* YOUR TASK
Each line below should be retyped exactly, with no pictures.

== INPUT RECORDS ==

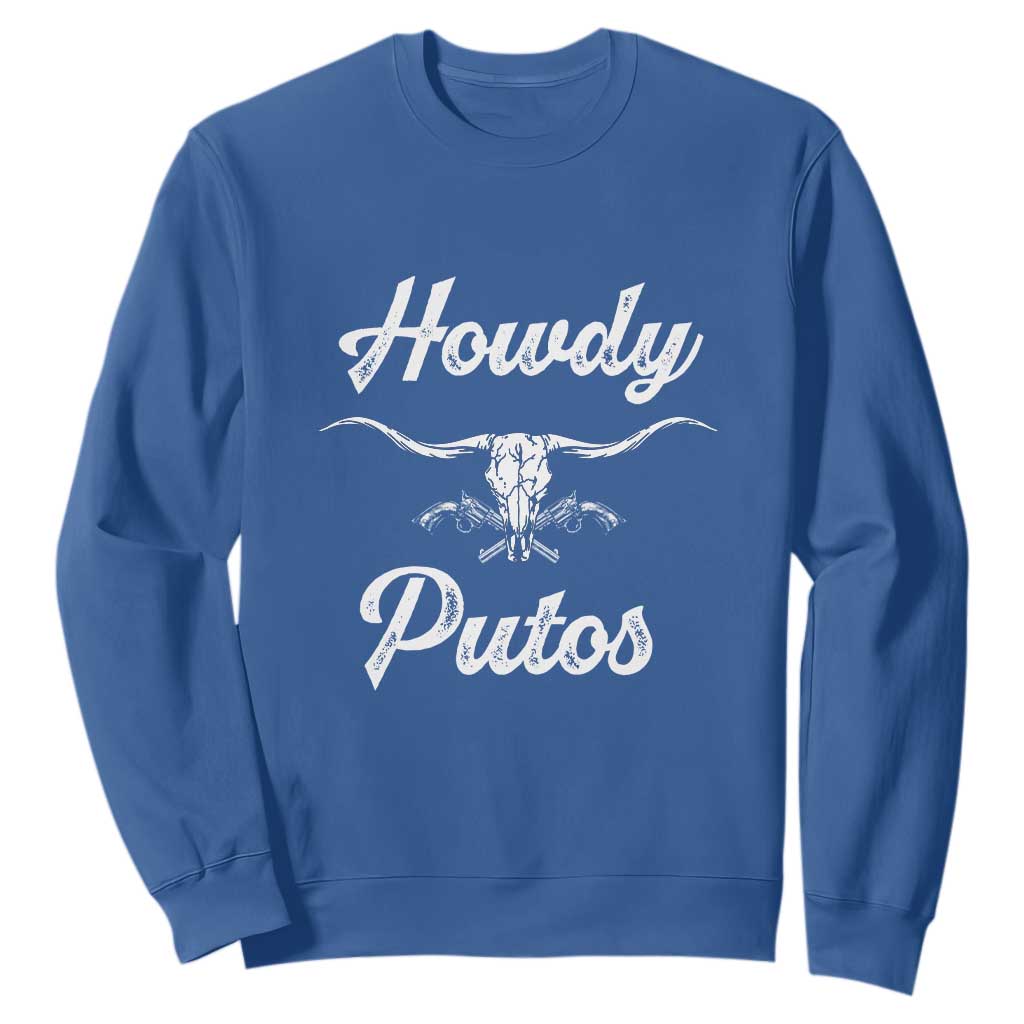 Howdy Putos Sweatshirt Western Cowboy Skull Outlaw Style TS10 Royal Blue Print Your Wear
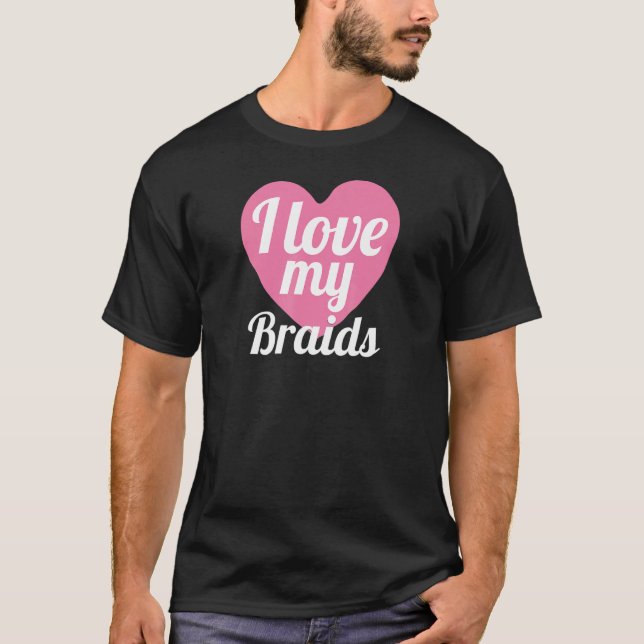 Camiseta Cute I Love My Braids Heart Braded Hair (Frente)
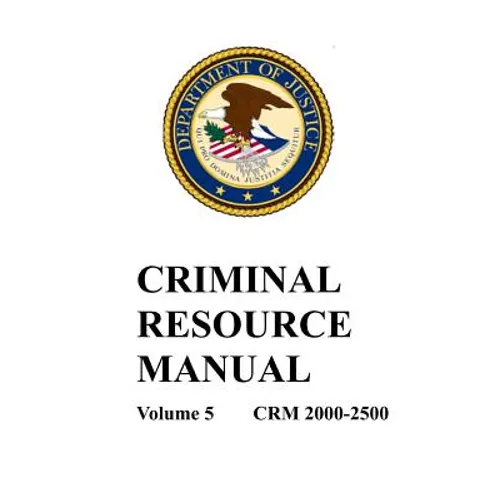 Criminal Resource Manual: 2000-2500 - Paperback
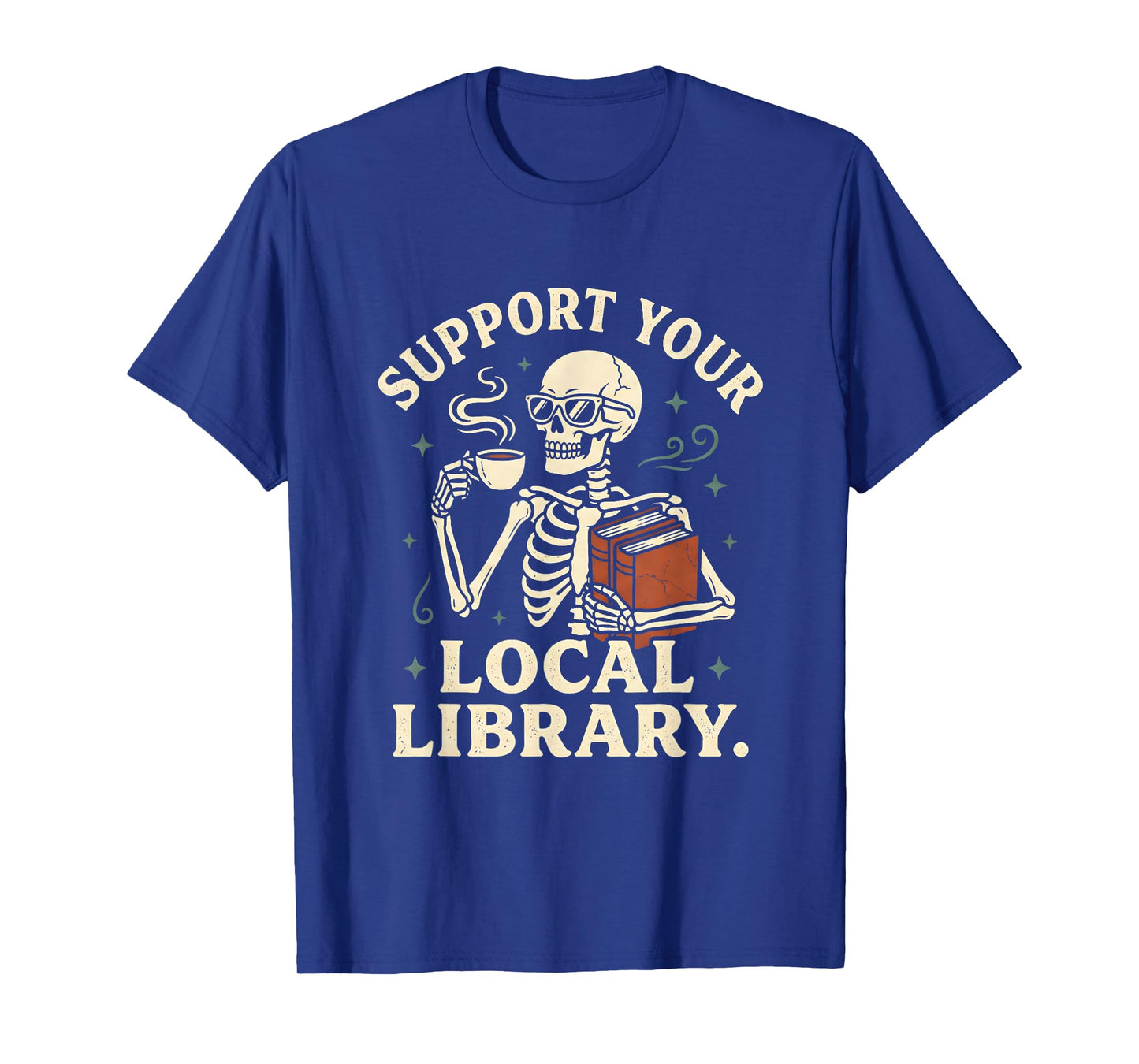 Support Your Local Library Skeleton Reading Books Librarian T-Shirt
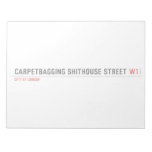 Carpetbagging Shithouse street  Notepads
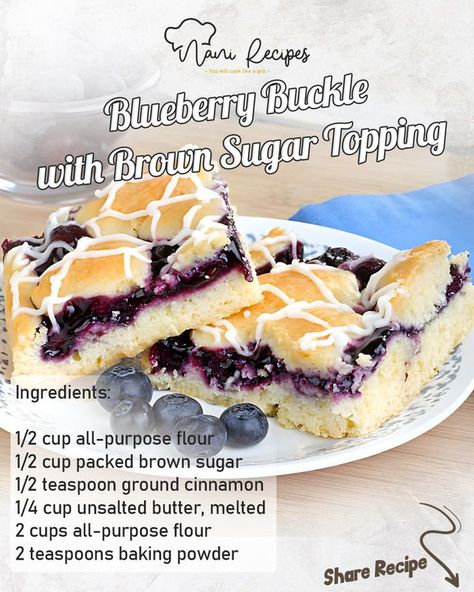 Natashaskitchen | **Blueberry Buckle with Brown Sugar Topping** | Facebook Blueberry Buckle With Brown Sugar Topping, Berry Buckle, Blueberry Buckle, Blue Berry, Baked Goodies, Streusel Topping, Scones, Purpose Flour, Brown Sugar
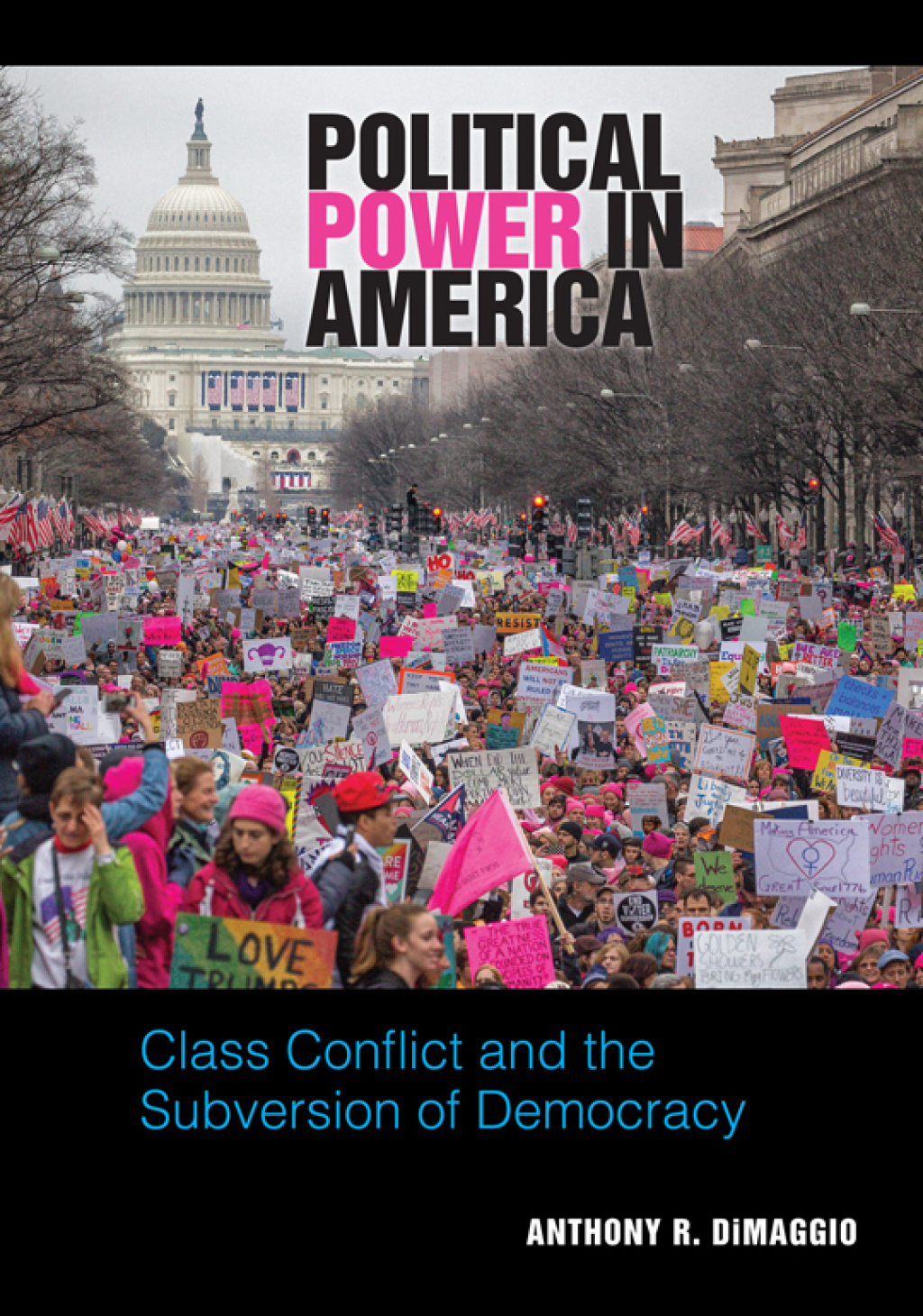 Political Power in America Class Conflict and the Subversion of Democracy  â€“ PDF/EPUB Version Downloadable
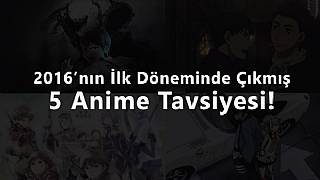 2016'da çıkan 5 anime tavsiyesi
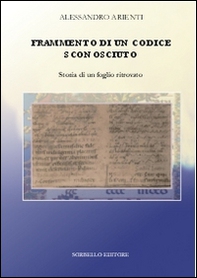 Frammento di un codice sconosciuto. Storia di un foglio ritrovato - Librerie.coop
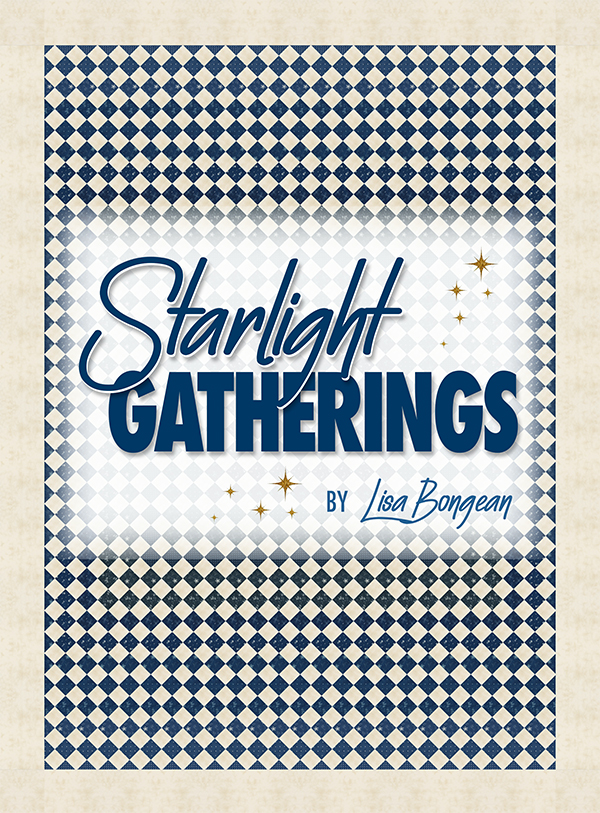 Starlight Gatherings - Quilt Book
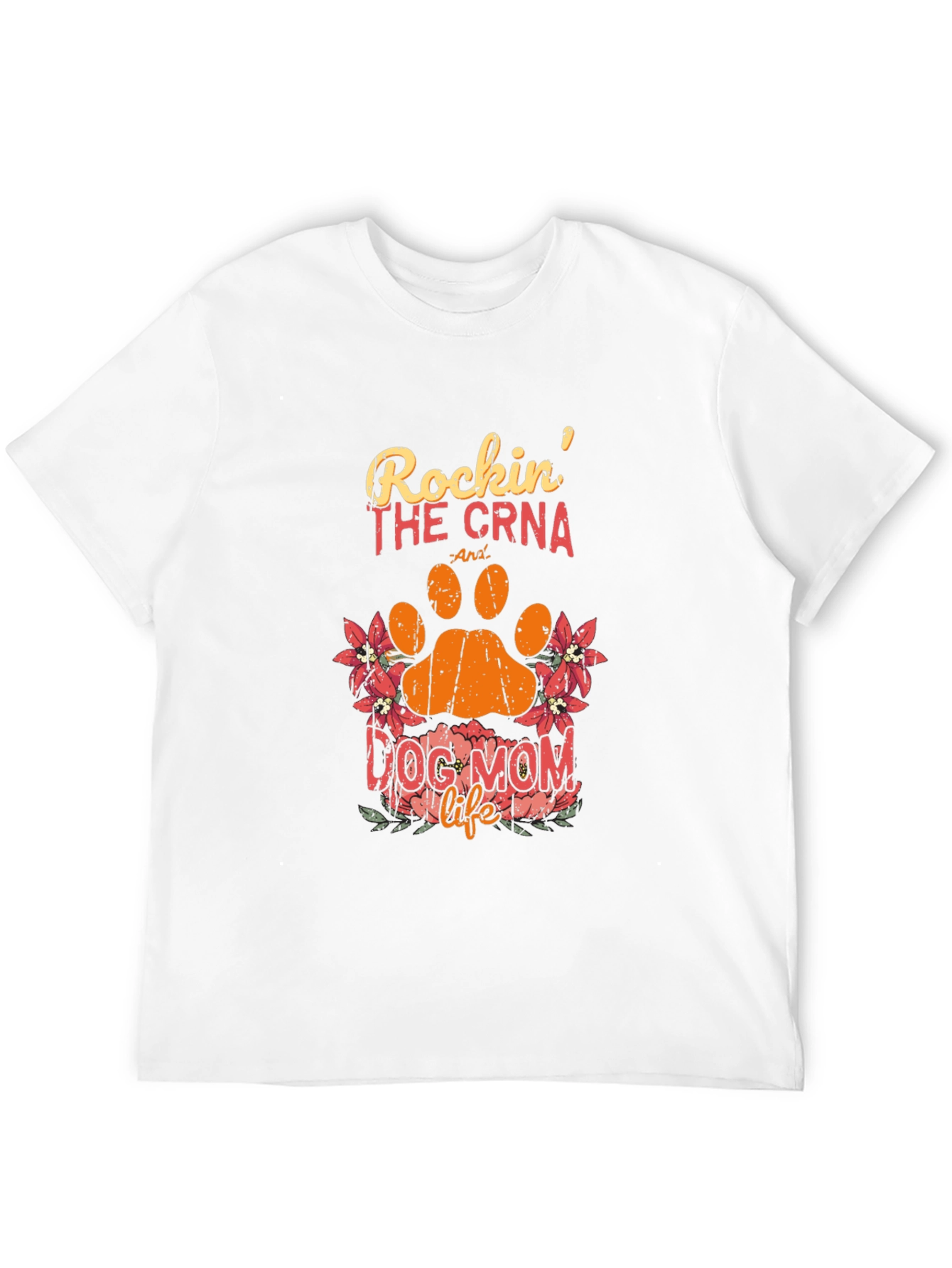 Rockin The CRNA Dog Mom Life Black T-Shirt
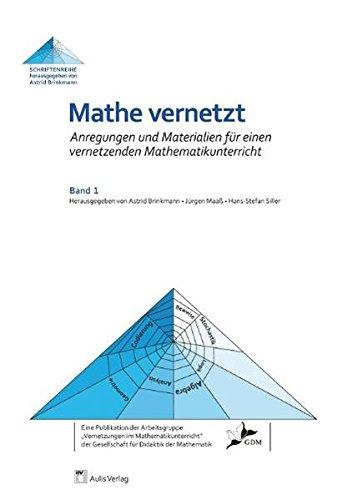 Band 1: Mathe vernetzt. Anregungen und Materialien für einen vernetzenden Mathematikunterricht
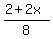 (2+2x)/8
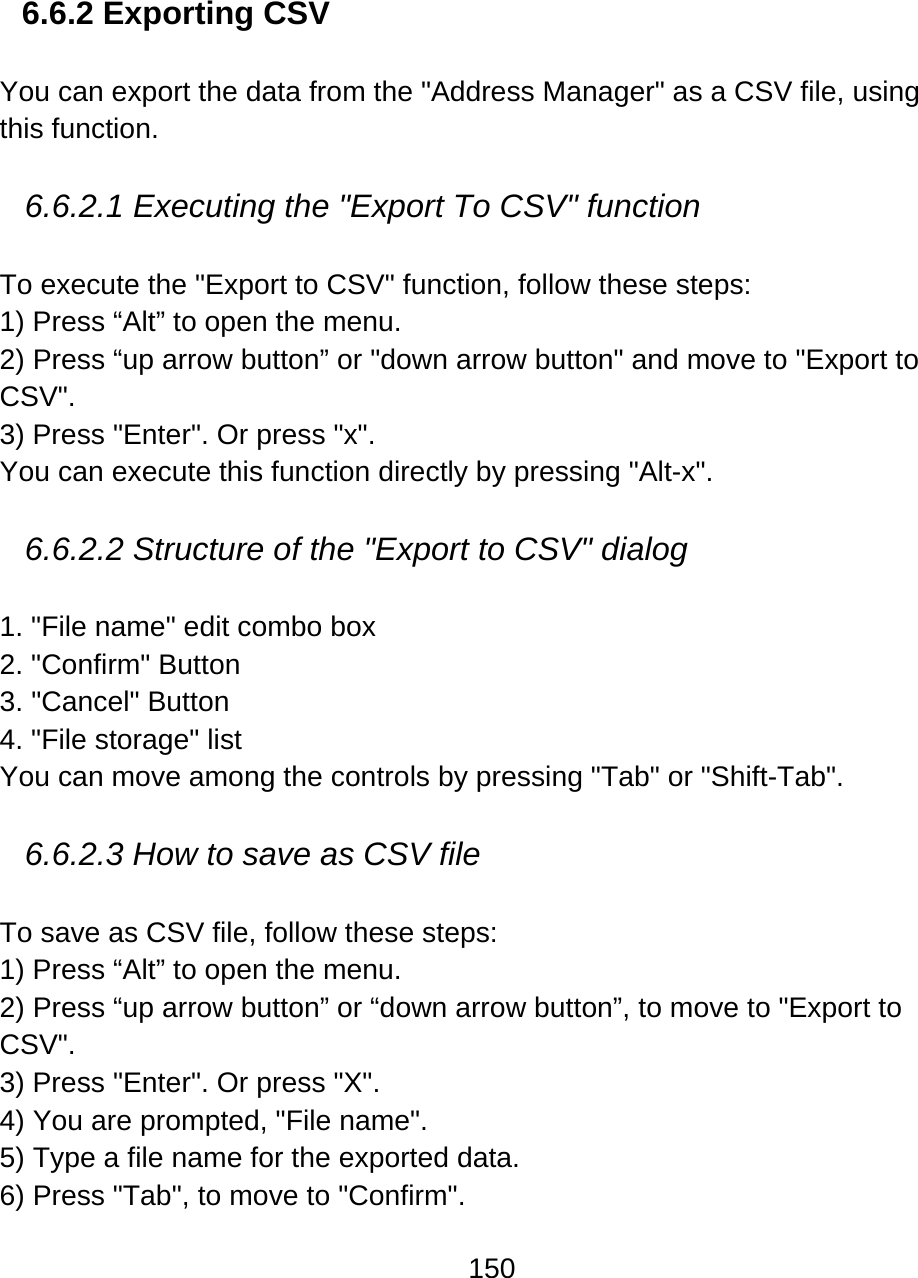 150   6.6.2 Exporting CSV  You can export the data from the &quot;Address Manager&quot; as a CSV file, using this function.   6.6.2.1 Executing the &quot;Export To CSV&quot; function  To execute the &quot;Export to CSV&quot; function, follow these steps: 1) Press “Alt” to open the menu. 2) Press “up arrow button” or &quot;down arrow button&quot; and move to &quot;Export to CSV&quot;. 3) Press &quot;Enter&quot;. Or press &quot;x&quot;. You can execute this function directly by pressing &quot;Alt-x&quot;.  6.6.2.2 Structure of the &quot;Export to CSV&quot; dialog   1. &quot;File name&quot; edit combo box 2. &quot;Confirm&quot; Button 3. &quot;Cancel&quot; Button 4. &quot;File storage&quot; list You can move among the controls by pressing &quot;Tab&quot; or &quot;Shift-Tab&quot;.  6.6.2.3 How to save as CSV file  To save as CSV file, follow these steps: 1) Press “Alt” to open the menu. 2) Press “up arrow button” or “down arrow button”, to move to &quot;Export to CSV&quot;. 3) Press &quot;Enter&quot;. Or press &quot;X&quot;. 4) You are prompted, &quot;File name&quot;.  5) Type a file name for the exported data. 6) Press &quot;Tab&quot;, to move to &quot;Confirm&quot;.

===

* RESULT BELOW
 Howdy Putos Sweatshirt Western Cowboy Skull Outlaw Style TS10 Royal Blue Print Your Wear
 Camiseta Cute I Love My Braids Heart Braded Hair (Frente)
 Criminal Resource Manual: 2000-2500 - Paperback
 Support Your Local Library Skeleton Reading Books Librarian T-Shirt
 Carpetbagging Shithouse street  Notepads
 Natashaskitchen | **Blueberry Buckle with Brown Sugar Topping** | Facebook Blueberry Buckle With Brown Sugar Topping, Berry Buckle, Blueberry Buckle, Blue Berry, Baked Goodies, Streusel Topping, Scones, Purpose Flour, Brown Sugar
 Political Power in America Class Conflict and the Subversion of Democracy  â€“ PDF/EPUB Version Downloadable
 2016'da çıkan 5 anime tavsiyesi
 Frammento di un codice sconosciuto. Storia di un foglio ritrovato - Librerie.coop
 Starlight Gatherings - Quilt Book
 Rockin The CRNA Dog Mom Life Black T-Shirt
 Band 1: Mathe vernetzt. Anregungen und Materialien für einen vernetzenden Mathematikunterricht
 (2+2x)/8
 150   6.6.2 Exporting CSV  You can export the data from the &quot;Address Manager&quot; as a CSV file, using this function.   6.6.2.1 Executing the &quot;Export To CSV&quot; function  To execute the &quot;Export to CSV&quot; function, follow these steps: 1) Press “Alt” to open the menu. 2) Press “up arrow button” or &quot;down arrow button&quot; and move to &quot;Export to CSV&quot;. 3) Press &quot;Enter&quot;. Or press &quot;x&quot;. You can execute this function directly by pressing &quot;Alt-x&quot;.  6.6.2.2 Structure of the &quot;Export to CSV&quot; dialog   1. &quot;File name&quot; edit combo box 2. &quot;Confirm&quot; Button 3. &quot;Cancel&quot; Button 4. &quot;File storage&quot; list You can move among the controls by pressing &quot;Tab&quot; or &quot;Shift-Tab&quot;.  6.6.2.3 How to save as CSV file  To save as CSV file, follow these steps: 1) Press “Alt” to open the menu. 2) Press “up arrow button” or “down arrow button”, to move to &quot;Export to CSV&quot;. 3) Press &quot;Enter&quot;. Or press &quot;X&quot;. 4) You are prompted, &quot;File name&quot;.  5) Type a file name for the exported data. 6) Press &quot;Tab&quot;, to move to &quot;Confirm&quot;.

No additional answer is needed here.